Vintage Bedroom Chair

There's someone new keeping us company in the bedroom at night. And during the day. He's short, chubby, and older, but I think I love him.

Meet our new man:
Vintage Chair

Tom's been making me go trail riding (mountain bikes) with him lately - though really I do like it, so it's not like he's dragging me through the forest. I think he wants me to go with him just so he doesn't feel guilty buying pizza afterwards. This last week, as we drove from the trail to the pizza place, we passed an old antique shop near Sharon, Ontario. (That's for you locals.) It's a tiny little place that used to be a motorcycle repair shop. Sounds bad, right? They had all kinds of solid wood furniture outside though, so I made Tom stop to take a look.

There was nothing that we really wanted - well, there was a dining room set but we don't have room for it. Just as we were about to leave I saw this chair with cardboard boxes piled on top of it. The fabric looked brand new and it didn't sag, plus the grey would match our bedroom, so off I went to find out the price. The guy told me $45 or best offer. Seriously? I was expecting over a hundred dollars. Especially since the manufacturer's tag was still on the bottom. And did I mention that the fabric was brand new? Tom had $35 in his wallet (I conveniently didn't bring mine), so just like that it was ours.
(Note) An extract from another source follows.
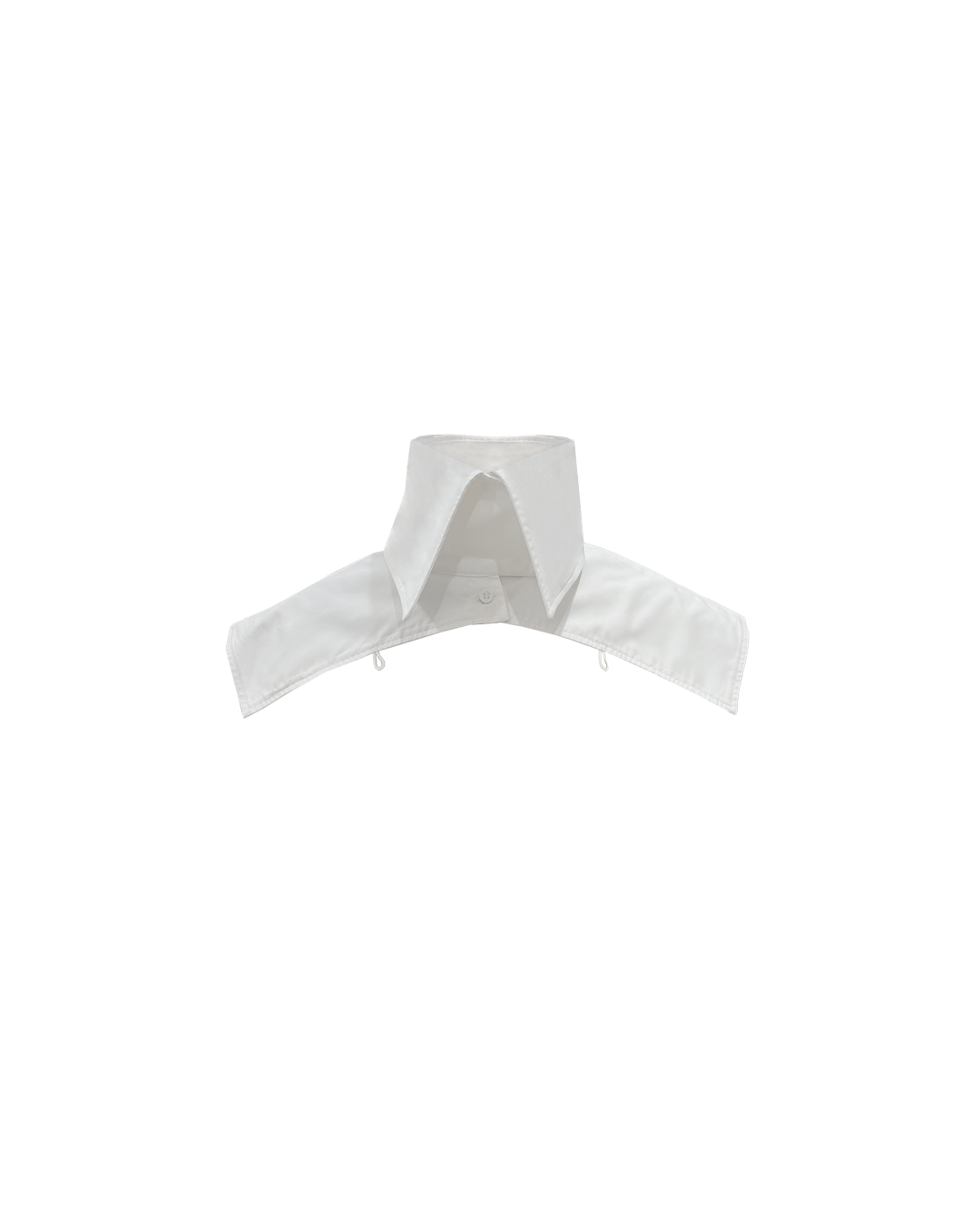 TEN SHIRT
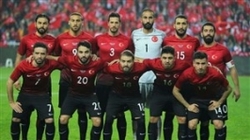 فوتبال ترکیه از عرش تا فرش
The tag on the bottom says it was made in 1967 and the upholstery was originally tangerine. Can you imagine? Though our bedroom is done in grey and orange, so maybe it would have matched regardless.

Vintage Furniture Tag

The finish on the wood is peeling, but I'd like to stain it a darker shade anyway. I'm thinking espresso or ebony.

Vintage Chair

The seat is really wide and the arms are low - perfect for slouching in while we talk about our day.

Vintage Chair

The fabric is a little bluer than the walls, but it seems to match the grey in the pillows exactly. (Not that that pillow would stay there - it's a bit big - but I wanted to add some colour to the shot.)

Vintage Chair


The room really needed a dose of old-fashioned. Even Tom, who originally didn't want a chair in the bedroom, said, "Hey, this is pretty comfortable to sit in." Better believe it! This guy is staying.

Vintage Chair


Jul 29, 2013

Rainy Day Sewing Projects

I knocked out a couple of sewing projects this weekend. It rained on and off most of the weekend so it was a good time for some indoor activities.
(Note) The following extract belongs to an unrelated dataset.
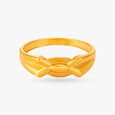 Alluring Ring for Men,,hi-res image number null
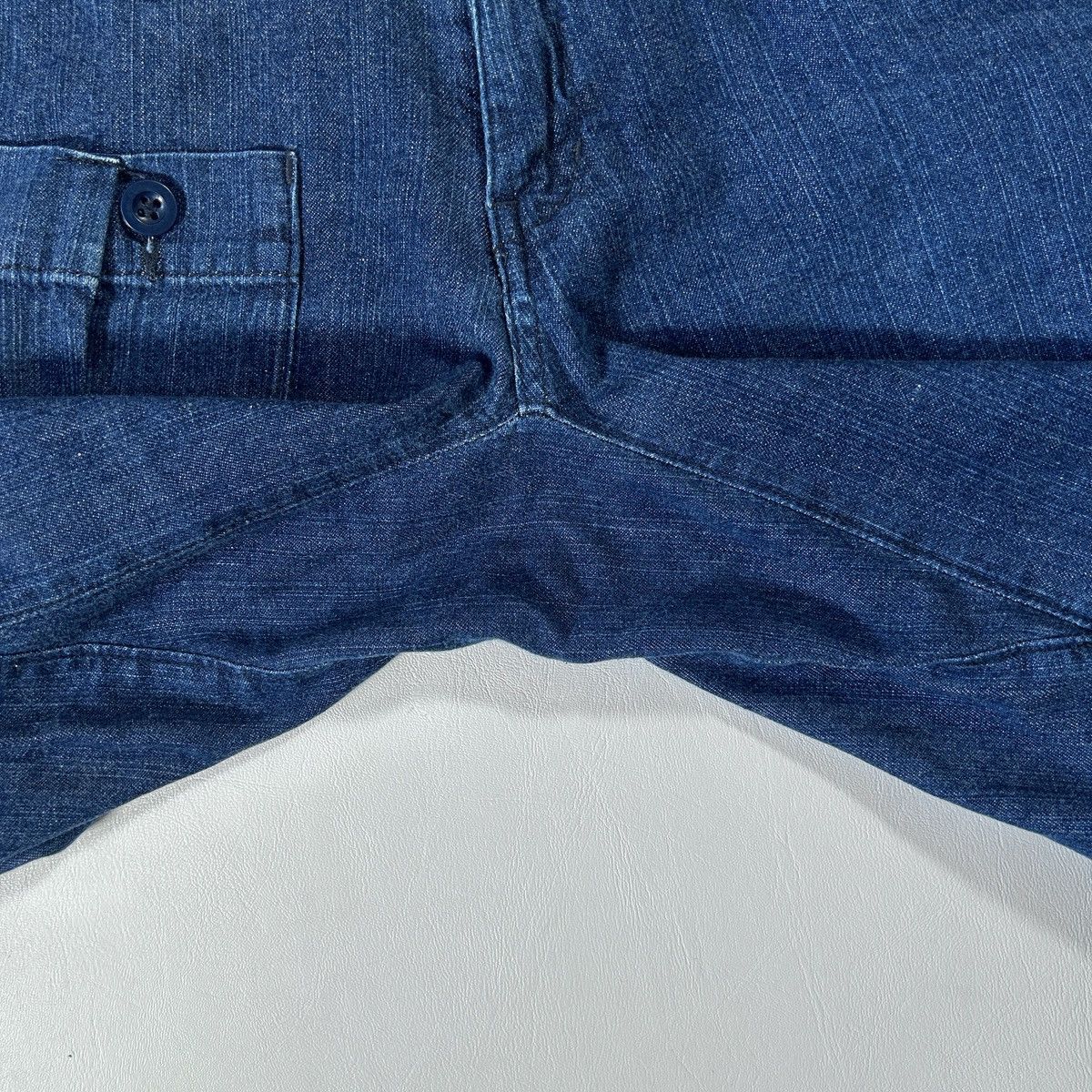 General Research 🔻War Field Research Cargo Short🔻 Size US 32 / EU 48 - 3 Thumbnail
First up was re-recovering this little footstool.

recovered footstool

If you remember, I'd originally recovered it with dropcloth material and a freezer paper ink transfer.  But once I'd bought the turquoise/yellow chair from Target, the beige & brown just didn't match. When I was cleaning out the linen closet I found an old set of curtains that were nearly the same yellow as in the chair. They are a rough, almost-dropcloth-like material too.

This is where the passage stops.